Output range, inclusive: from the line containing "Tyrese Haliburton Blocks Career Chart" to the line containing "Patent US11774850 —". Restate those lines from the data below word for word and only those.

(Data extracted from a collection)
--------
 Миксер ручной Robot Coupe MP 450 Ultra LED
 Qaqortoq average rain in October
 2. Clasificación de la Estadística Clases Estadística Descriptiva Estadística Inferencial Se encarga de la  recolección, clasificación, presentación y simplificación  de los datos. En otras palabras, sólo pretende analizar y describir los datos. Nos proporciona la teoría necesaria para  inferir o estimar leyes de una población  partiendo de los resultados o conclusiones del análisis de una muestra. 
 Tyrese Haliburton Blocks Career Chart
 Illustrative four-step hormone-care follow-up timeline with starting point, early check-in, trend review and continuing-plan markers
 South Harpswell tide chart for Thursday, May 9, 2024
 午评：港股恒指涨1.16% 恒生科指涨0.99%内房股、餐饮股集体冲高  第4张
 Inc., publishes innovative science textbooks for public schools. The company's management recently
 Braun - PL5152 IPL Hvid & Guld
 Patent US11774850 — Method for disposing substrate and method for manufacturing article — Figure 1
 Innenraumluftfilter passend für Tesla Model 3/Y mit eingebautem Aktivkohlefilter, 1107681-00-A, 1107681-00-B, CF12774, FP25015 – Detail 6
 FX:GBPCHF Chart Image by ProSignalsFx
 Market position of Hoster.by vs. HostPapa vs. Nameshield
--------
■ **Answer for the task**
 Tyrese Haliburton Blocks Career Chart
 Illustrative four-step hormone-care follow-up timeline with starting point, early check-in, trend review and continuing-plan markers
 South Harpswell tide chart for Thursday, May 9, 2024
 午评：港股恒指涨1.16% 恒生科指涨0.99%内房股、餐饮股集体冲高  第4张
 Inc., publishes innovative science textbooks for public schools. The company's management recently
 Braun - PL5152 IPL Hvid & Guld
 Patent US11774850 — Method for disposing substrate and method for manufacturing article — Figure 1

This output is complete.